Painted sometime during the first decade of the twentieth century, Ury’s Berlin Street Scene with Horse-Drawn Cabs closes in on his formula for success. Although he retains considerable detail in the trees and horse-drawn cabs, the wet road now looks like a real water surface, with its reflections perfect. The dull daylight makes it hard to simplify the image any further, though.

His other landscapes of this period were also becoming more distinctive and memorable. Evening at a Lake with a Pine Forest is thought to have been painted at the Grunewaldsee in 1909, and is one of Ury’s most highly chromatic works.

Ury’s pastel painting of A Woman and a Man in a Restaurant from 1910 continues his depictions of café interiors, this time with a tantalising view through the windows of the wet street outside.

Kurfürstendamm, also from 1910, shows what is probably Berlin’s most famous avenue of shops, which is on the western side of the Tiergarten. It is a wet winter day, and there are surprisingly few cabs or people around.

Then, in about 1920, Ury struck gold in this Street Scene at Night, Berlin, which is thought to show Leipziger Straße. Its nighttime setting brings simplification of the motif by the dark, and it has lost the symmetry which had made his paintings of avenues so formal.
In 1922, there was a major exhibition of Ury’s works in Berlin, but he became increasingly reclusive after that.

In the 1920s, when Ury painted this view of a Berlin Street in Sunshine, the motor taxi had become popular. Berlin had started operating the first electric trams in the world in 1881, and its first elevated lines were opened in 1902, by which time most of the city’s tram network was powered by overhead electric lines.
Ury here introduces patches of unexpected colour in the splashes and pools of yellows and blue on the street.

Street in Tiergarten shows the roads becoming crowded with the new motor taxis, in this plein air oil sketch.

These new motor vehicles were more readily simplified almost to their silhouette, as seen in this pastel of Unter den Linden with View of The Brandenburger Gate from the 1920s. This is at the western end of Unter den Linden and shows the edge of the Tiergarten on the far side of the Gate.
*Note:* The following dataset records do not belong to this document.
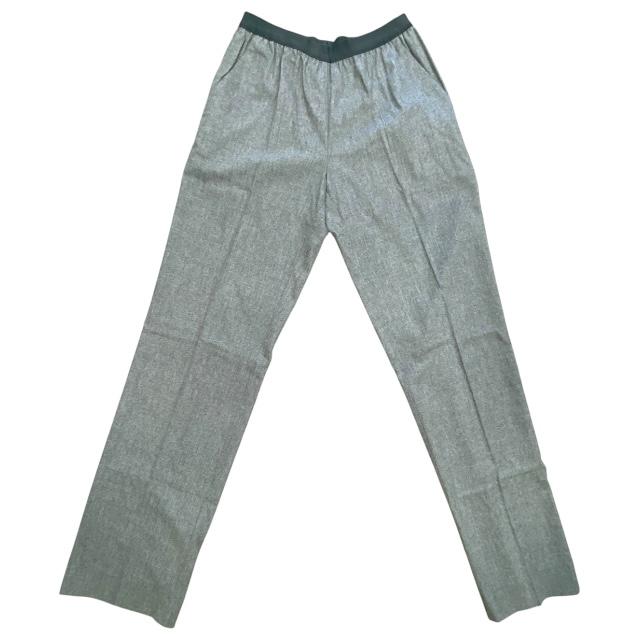 楽天市場】【中古】HERMESマルジェラ期 ウールパンツ チャコールグレー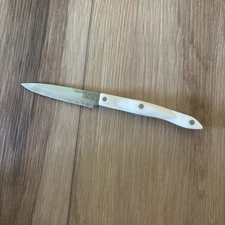 Cutco 2120 Classic Handle Paring Knife Peeling Knife White Handle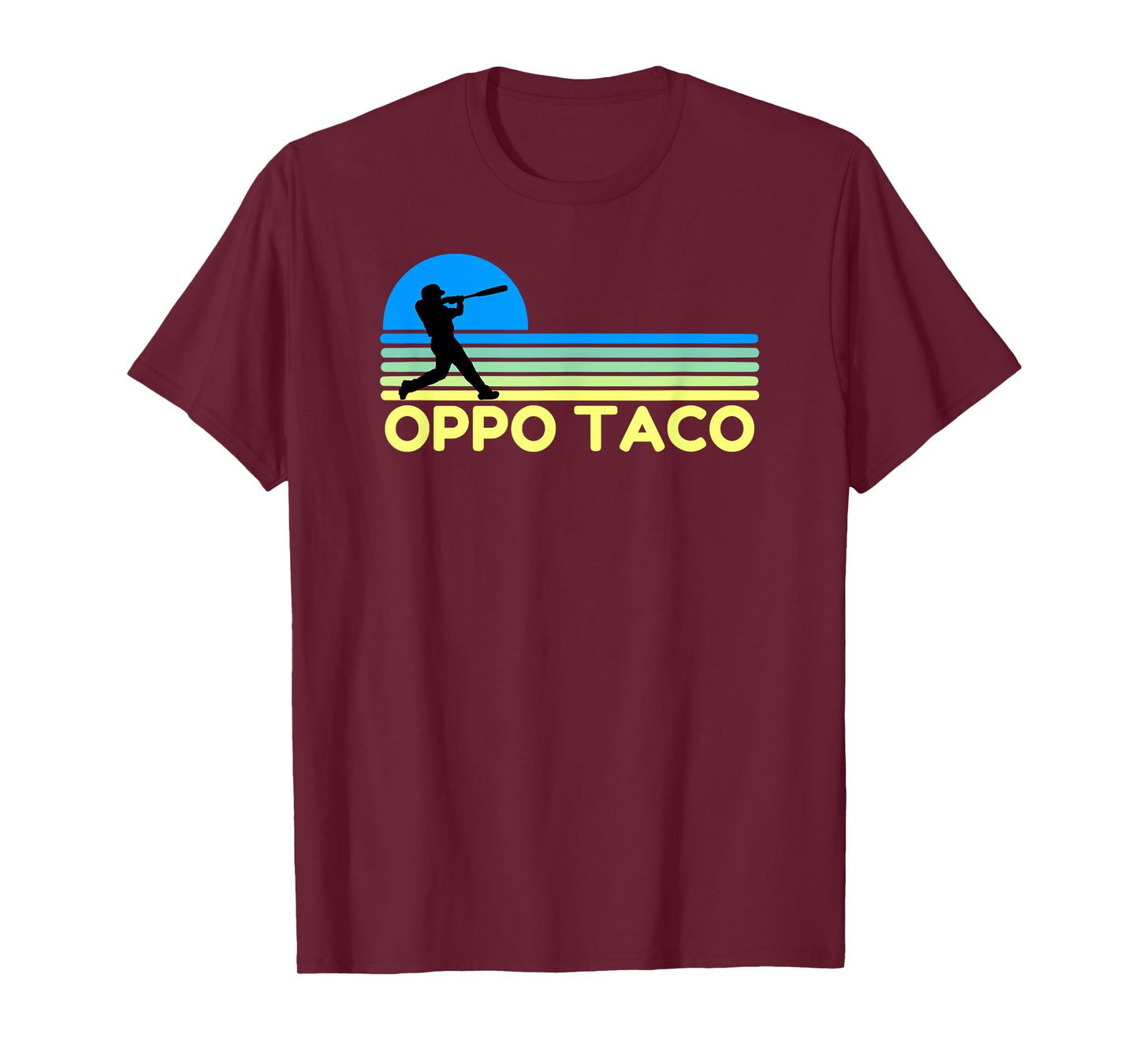 Oppo Taco Baseball Funny Base Ball T-Shirt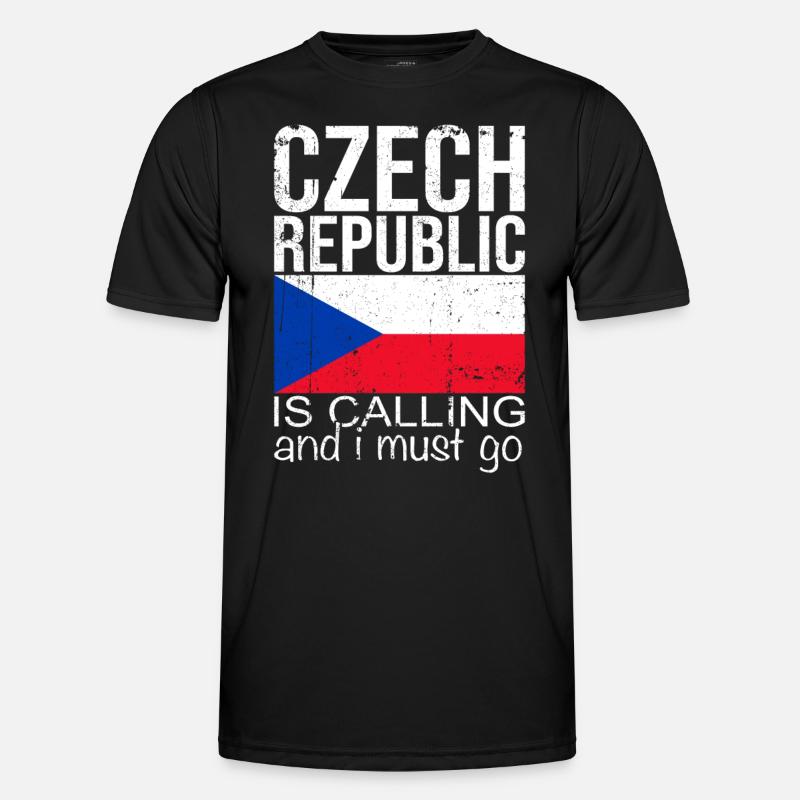 Tschechien - Männer Funktions-T-Shirt - Schwarz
Boulevard in Paris (1923) is a small oil sketch painted during one of his visits to France, with even more gestural depiction of its motor taxis.

Nollendorfplatz Station at Night from 1925 is a masterly oil sketch showing this busy railway station to the south of the Tiergarten, in another of Berlin’s shopping districts.

In this view of London in Fog from 1926, Ury looks across the River Thames with the street lights lit on its multiple bridges. I suspect that this looks south to the Elephant and Castle from the Embankment, on the northern bank of the river.

His Coffeehouse Scene in Paris from 1928 is perhaps most interesting for showing the marked change in fashion.

Among the last of his city views is this one of Pariser Platz in Berlin, from about 1930. This is by the Brandenburger Tor at the western end of Unter den Linden, as the leaves on its lime trees start to turn golden brown with the arrival of autumn.
Lesser Ury died in Berlin on 18 October 1931.